Yesterday I had the chance to make a preliminary assessment of the data quality in one of the local databases holding information about entities involved in carbon trade activities. It is believed that up to 90 percent of the market activity may have been fraudulent with criminals pocketing 5 billion Euros. There is a description of the scam here from telegraph.co.uk.
Most of my work with data matching is aimed at finding duplicates. In doing this you must avoid finding so called false positives, so you don’t end up merging information about to different real world entities. But when doing identity resolution for several reasons including preventing fraud and scam you may be interested in finding connections between entities that are not supposed to be connected at all.
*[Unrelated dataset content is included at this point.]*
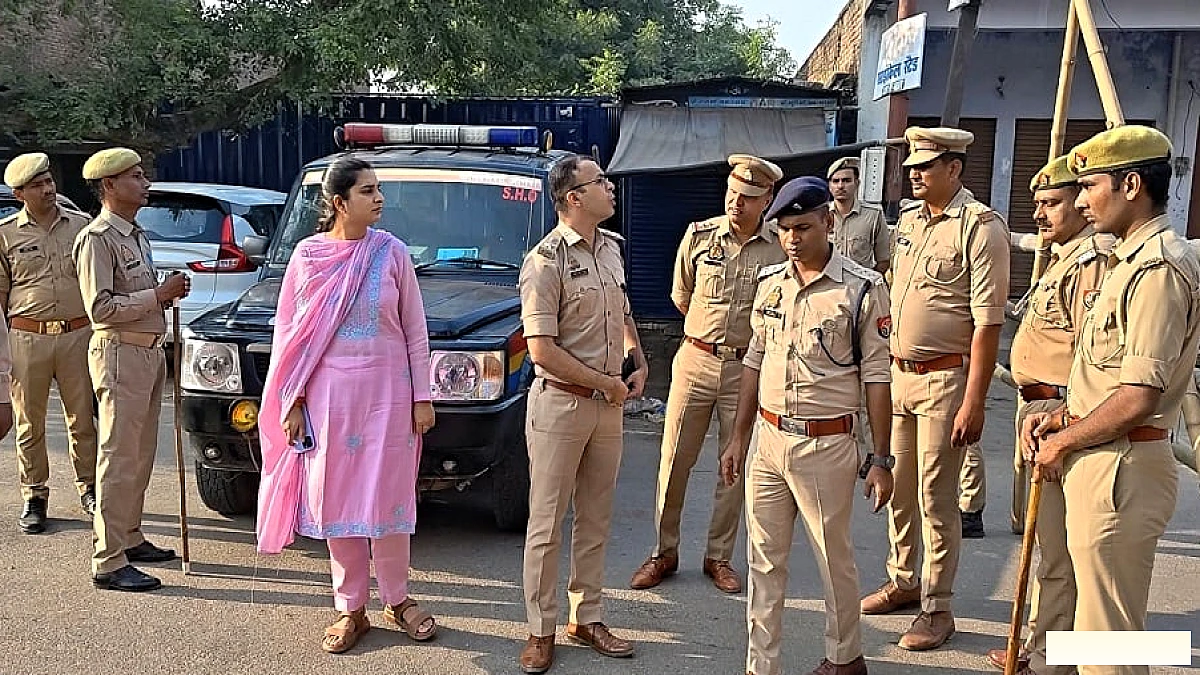आगरा में MLC चुनाव के लिए पुनर्वोटिंग, तीन बूथों पर भारी पुलिस बल तैनात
The result from making such connections in the carbon trade database was quite astonishing. Here is an example where I have changed the names, addresses, e-mails and phones, but such a pattern was found in several cases:
Here we have an example of a group of entities where the name, address, e-mail or phone is shared in a way that doesn’t seem natural.
My involvement in the carbon trade scam was initiated by a blog post yesterday by my colleague Jan Erik Ingvaldsen based on the story that journalists by merely gazing the database had found addresses that simply doesn’t exist.
So the question is if authorities may have avoided losing 5 billion taxpayer Euros if some identity resolution including automated fuzzy connection checks and real world checks was implemented. I know that you are so much more enlightened on what could have been done when the scam is discovered, but I actually think that there may be a lot of other billions of Euros (Pounds, Dollars, Rupees) to avoid losing out there by making some decent identity resolution.